How to share your unfinished Squarespace website
If you know you’re going to be brave enough to ask others to take a look at your Squarespace website as you’re designing it, there are things to set up early in the process. You’re going to want to know these tips and tricks before getting started to give your reviewers the best access to your “under construction” website.
Reasons to share your website
While you may already know why you’ll want to share early versions of your website, there may be other benefits to sharing your website that are new. Here are some reasons I can think of for sharing your website before it’s ready to launch to the public.
Sharing with your besties
Whether you’re creating your own website or having someone design it for you, the main reason you'll want to share it is to get feedback about the design, the content, and the usability of your website. Clients I've worked with have shared their unfinished websites with trusted friends, colleagues, their grown children, their spouses, and their knowledgeable neighbors. I've even had clients who had full advisory teams with whom they shared their websites as they were being developed.

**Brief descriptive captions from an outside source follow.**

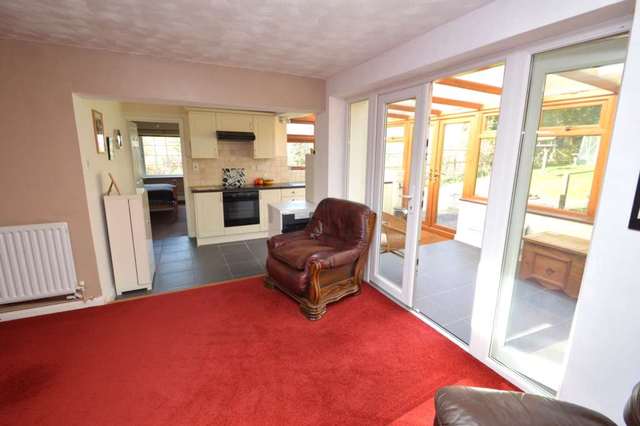  Image of 4 Bedroom Semi-Detached for sale at Vale View Tring Hill Tring, HP23 4LD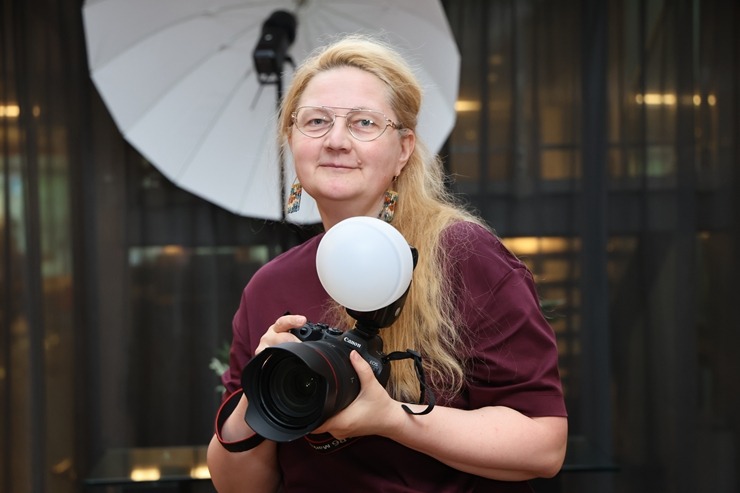 Ienākošā tūrisma firma «Balticvision Riga» ar svinīgu pasākumu atzīmē 15 gadu jubileju «Radisson Blu Elizabete Hotel» 394205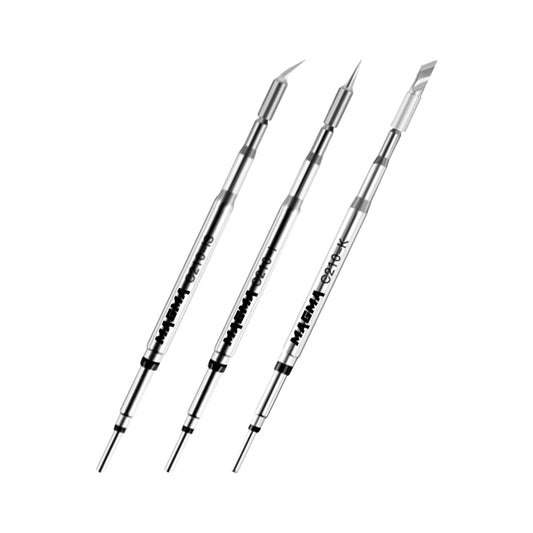 SUGON MAGMA C115 C210 C245 Soldering Iron Tips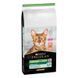 Purina Pro Plan (Пурина Про План) Sterilised Adult Renal Plus with Salmon - Сухой корм с функцией поддержки почек с лососем для стерилизованных взрослых кошек, 14 кг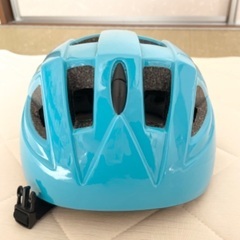 ヘルメット　子供用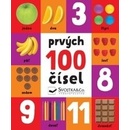 Prvých 100 čísel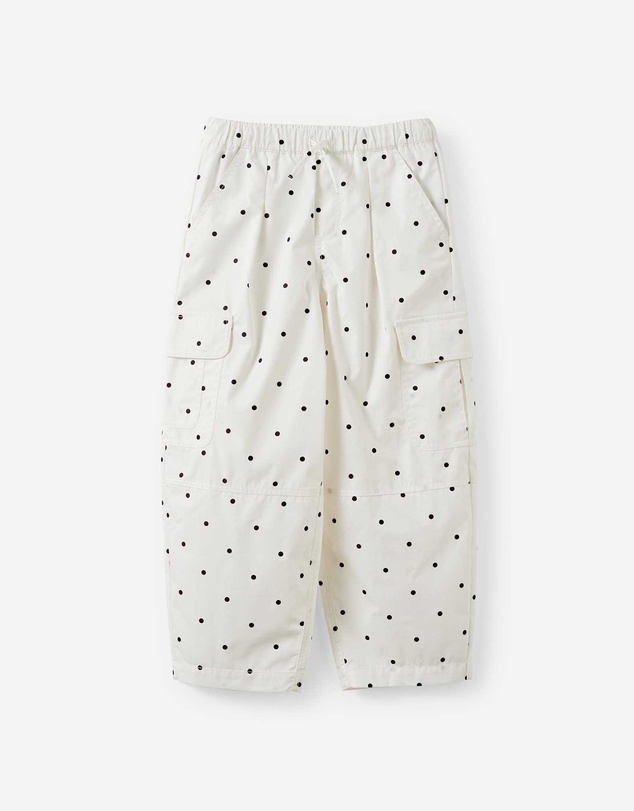 Cotton On Kids - Clara Cargo Pant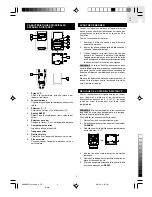 Preview for 13 page of Oregon Scientific BAR888 User Manual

Sharing with potential business partners
Another reason to share a website with a select few is to test-market the website to a chosen group of potential investors, partners, distributors, clients, and influencers. Websites are usually close to being finished when this type of review is done, but the feedback from these early viewers can change the direction of the design or even the product or service offered by the business.
Sharing with yourself
The other reason to make your website available for sharing is so you can see the website as it will appear to visitors. You should always preview the website as you're designing it with the Desktop/Mobile preview windows in your website editor. But you'll find that the actual website can look very different when viewed on small vs. large monitors, laptops, tablets, and a variety of phone sizes. Always check your website on several different devices to make your website usable to as many people as possible.
Setting up sharing
With your website open in Squarespace, go to Settings - Site Availability.
Click Password Protected and type in a site password.
Click Save.
Still within the Settings list, click Domains. Write down the built-in Squarespace domain name that ends in .squarespace.com. That's the built-in domain name you will give to your reviewers.
Pro tip: Changing your built-in domain name
Squarespace gives your site a quirky built-in domain name. When I design websites for clients, I change the name to be something more memorable and closer to the actual business name. You can do this at any time, even after your website has been made live. Go to Settings - Domains. Click the arrow next to the built-in domain name and change the first part of the name to something you prefer. The squarespace.com part of the domain will be added. Confirm the change.
The Big Reveal: Sharing your website with others
Give your reviewers the Squarespace built-in domain and tell them to open the website in a browser. If you added a password, tell them to type in the password you assigned to view the site.
Pro tip: Reviewing your own website while designing it
If you want to review your own website as visitors will see it without logging out of Squarespace, you must open a new private/incognito browser window. Then type in the domain name for your site. If you don't open a private browser window, Squarespace will open the website in the Squarespace website editor.
Get ready to hear what others have to say
This is undoubtedly the most difficult part of the process. I’ve had clients share their websites with others and it has changed the direction of the design altogether. While it may make you wince, as long as your reviewers are people you trust and are representative of your ideal customer, the questions, suggestions, and feedback that result from sharing your website will be valuable for your business. But as the business owner, you get to decide which suggestions you put into place and which ones you politely decline.